Most publications on anal fistula reflect the authors’ experience, some quite large, from a single institution [4–6]. This, however, does not address the incidence of the disease due to the lack of proper denominator. Also it is difficult, if not impossible, to accurately assess the incidence of anorectal abscess because so many drain spontaneously or are incised and drained in a surgeon’s office, emergency department or surgicenter. On the other hand, hospital discharges or formal operations in the operation rooms are usually recorded and are available for statistical evaluation. Thus among the 1,000 patients presented to the Surgical Section of the Diagnostic Clinic at the University of Virginia, 150 had anorectal pathology, 4 (0.4 %) had an abscess and 8 (0.8 %) had fistula.
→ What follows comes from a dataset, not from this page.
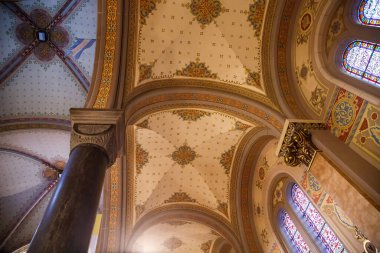 Tarihi Kilisedeki Süslü Tavan ve Mermer Sütun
This is quite comparable to 532 fistulas treated in a population of 77,372 patients admitted to Brooklyn Hospital between 1930 and 1939 for an incidence of 0.69 % [7]. Also Buie reported an incidence of 5 % anal fistulas in patients with anorectal abscesses seen at the Mayo Clinic [8].
Using operating room data in Helsinki Finland (1969–1978), the incidence of fistulas was calculated to be 8.6 per 100,000 populations (males 12.3 %, females 5.6 %). Nelson in his meta-analysis equated this with 20,000–25,000 fistulas treated annually in the US [9]. Interestingly, the ambulatory case of the National Center for Health Statistics reported 24,000 patients with a primary diagnosis of fistula treated in US Hospitals in 1979. This number has decreased drastically to 3,800 in 1999 possibly due to more and more ambulatory approaches [9].
The incidence of anorectal fistula can be estimated from the number of anorectal abscesses. In a series reported by Ramanujam from a large inner city hospital, the incidence of fistula was 34 % [4]. This is almost identical to another US study [10] and a Canadian study [11] both reporting from single institutions. Calculating backward, this would translate to an estimated annual incidence of 68,000–96,000 cases in the US [9].
Etiology
Fistulas in the overwhelming majority of cases arise from prior abscesses. Other causes such as hemorrhoidectomy, foreign body perforation, and trauma are of less frequency. Inflammatory bowel disease, more commonly Crohn’s disease, has been known to be associated with anorectal fistulas. Specific diseases such as tuberculosis and actinomycosis are much less frequent in the Western world. Tubercular fistulas are covered in a separate section. The origin of anal abscess and the relationship of abscesses to fistulas is covered in Chap. 3.
Age and Sex
Data on age and sex can be extracted from single series. Most patients with anal fistula are between the ages of 20 and 60 with mean age of 40 in both genders. In the Sainio report, men were afflicted twice as frequently as women (12.3 % vs. 5.6 %) [5]. In two large series reported from Cook County Hospital in Chicago, the male to female ratio was also 2:1 [4, 12]. Hill reported treating 636 patients of whom nine were less than 9 years old and were all boys [13]. Similarly, Mazier reported 1,000 cases of fistula treated at the Ferguson Clinic of whom 25 were younger than 10 years of age and nine of the ten were boys [14]. Piazza and Radhakrishnan reported anorectal abscesses in the pediatric population. Of 40 patients, 33 were boys and seven girls. Twenty-one were younger than 2 years old, 20 were less than 9 months of age and all were boys [15].